[net.internat] Keeping information where it belongs.

kosower@harvard.UUCP (David A. Kosower) (02/09/86)

   In article <343@ur-tut.UUCP> tuba@ur-tut.UUCP writes:
>What's all this business about linkers that only support monofont
>symbols?  When I name a variable "counter" in 10 point Helvetica,
>the last thing I mean is "counter" in 14 point Courier.  Linkers ...

   In article <832@inset.UUCP>, mikeb@inset.UUCP (Mike Banahan) adds,
> But are you *WRONG* if you think that is a joke. Tuba is RIGHT
> RIGHT RIGHT, except for missing out the other essential attributes that we
> will need if we are going to get an environment fit for the 1960's, let
> alone the late 70's or even 80's. What about colour? I want to be able to grep
> for all the 10 point helvetica non-alphabetic strings in red, because that
> is the way that my application displays error messages.

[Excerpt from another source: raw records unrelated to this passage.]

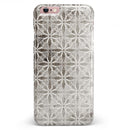Black_and_Gray_Floral_Cross_Pattern_-_CSC_-_1Piece_-_V1.jpg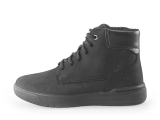 Timberland Hoge Sneakers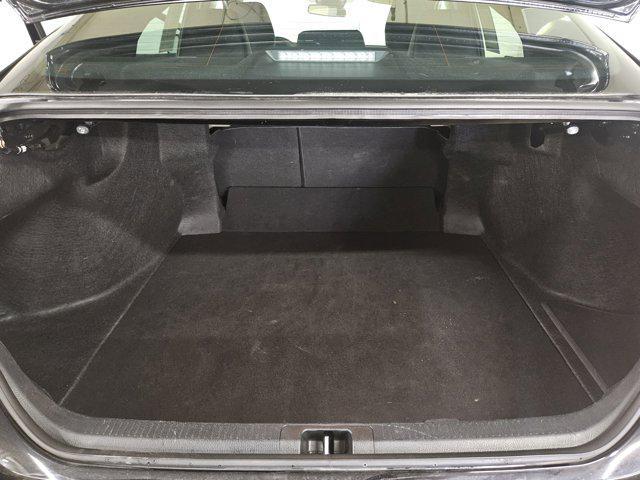 used 2025 Toyota Camry car, priced at $30,488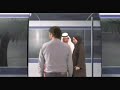 Dubai property Holland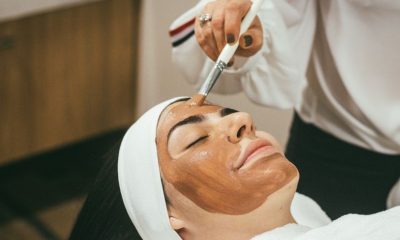 Minimalist Skincare Tips for Hot GCC Climate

   NO!!!!  I must disagree.  As I will demonstrate below, you are confusing
two different aspects of a document (or pieces thereof): the `intrinsic'
content, and its formatting.  The boundary between the two may be a little
fuzzy, but things like the font, point size, and color are most definitely
formatting information, not intrinsic content.

   Before giving my criterion for distinguishing the two aspects, let's 
take the idea proposed in the quoted articles a little further, to truly
silly extremes.  Now, on dumb terminals, you can't adjust the spacing
between letters in a variable name to arbitrary accuracy; you can only
insert `hard' (i.e. required) spaces.  But in the brave new world of modern
laser printers, you could insert, say, a 1 pt space between the first and
the third letters.  Or even a 0.1 pt space, on a laser typesetter.  
Does that mean we need a new character to indicate the spacing?  Or that
each character should now be preceeded by a *floating point* number
indicating the amount of spacing preceeding it?  Do you truly believe
that `InformUser' with 0.1 pts of space between the `r' and the `m' means
something different from plain old `InformUser'?  Or how about the attributes
of the surrounding text, say the inter-line spacing?  Isn't that something
one ought to be able to grep in our utopian operating system?  It's clear
that such an approach quickly sucks you in to a specific WYSIWYG
representation of text, and is completely inadequate for anything else. 
Embedding this information in every character would also result in a
grossly inefficient encoding; space may be cheap on modern computers,
but it isn't THAT cheap. [For those souls don't know what a printer's
point is: there are ~72/inch, or ~28/mm, so that 0.1 pts of anything are
virtually invisible, and in any event unprintable on a printer with only
300 dots/inch resolution.]

   And consider for a minute the specific proposals made by the two
authors quoted above.  What *exactly* does `14-point' Courier mean,
anyway?  Does it mean `somewhere between 13.75 and 14.02-point Courier,
as suits my laser printer' or does it mean `14.00-point Courier'?
What does `Courier' mean?  Does it mean the IBM version?  Or the
Little Font Company's version?  Does a variable name no longer mean
the same thing if it isn't *exactly* the same font?  And if it still
*is* the same variable when the font changes, *how* much change can
occur before the variable name changes in meaning?  Color, likewise,
depends very much on the output device.  It's all very nice to grep
for things in red sitting in front of my shiny new Sun-3, but what
does that mean when I'm back in front of my neighbor's Sun-2, which
is black-and-white?  Does `red' still mean red (i.e. an invisible
attribute), or is it subverted into `black'?  And of course, we
could argue about shades of red until the sun comes up.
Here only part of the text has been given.